Als sich die Nebel der ideologischen Weltbilder verzogen, gewann die Reportage, die ihre letzte hohe Zeit in den zwanziger Jahren erlebt hatte, abermals an Fahrt. Nachdem die lang gestellte Systemfrage ohne Echo geblieben war, rückte das Lebensschicksal des einzelnen wieder in den Blickpunkt öffentlicher Aufmerksamkeit. Ein Wandel, der - in Konkurrenz mit den schnelleren Fernsehbildern - auch zu einer Aufwertung des individuellen Berichterstatters und seiner Sprache führte. Die von der heroischen Aura des Abenteurers umgebene Gestalt des Reporters kehrte zurück und bezeugte, daß man auch in einer unübersichtlicher gewordenen Welt nicht nur orientierungs-, sondern sogar erlebnisfähiger denn je werden könne. Selbst kleinere Zeitungen begannen mit ambitionierten, wie Pilze aus dem Boden schießenden jungen Talenten eine auf Authentizität erpichte Leserschaft zu locken. Die Presseabteilungen der Verlage, wo die erstaunlichen Begebenheiten gebündelt erschienen, scheuten keinen Vergleich. Seither wimmelt es von Kischs, Tucholskys und Kracauers.

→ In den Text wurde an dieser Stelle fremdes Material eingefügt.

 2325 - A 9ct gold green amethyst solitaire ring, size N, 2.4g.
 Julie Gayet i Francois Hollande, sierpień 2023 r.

Die Spreu vom Weizen zu trennen fällt angesichts solcher werbewirksamer Erfindungen naturgemäß schwer, den Weizen glaubwürdig beim Namen zu nennen scheint fast unmöglich. Glaubwürdigkeit allerdings ist gerade die Tugend des Reporters Erwin Koch, dessen "wahre Geschichten" keiner marketingstrategischen Vergleiche bedürfen - obwohl Sammelbände wie dieser nicht ohne Risiko sind. Was als aktuelles Einzelstück fesselt, kann, in Folge gelesen, langweilig sein.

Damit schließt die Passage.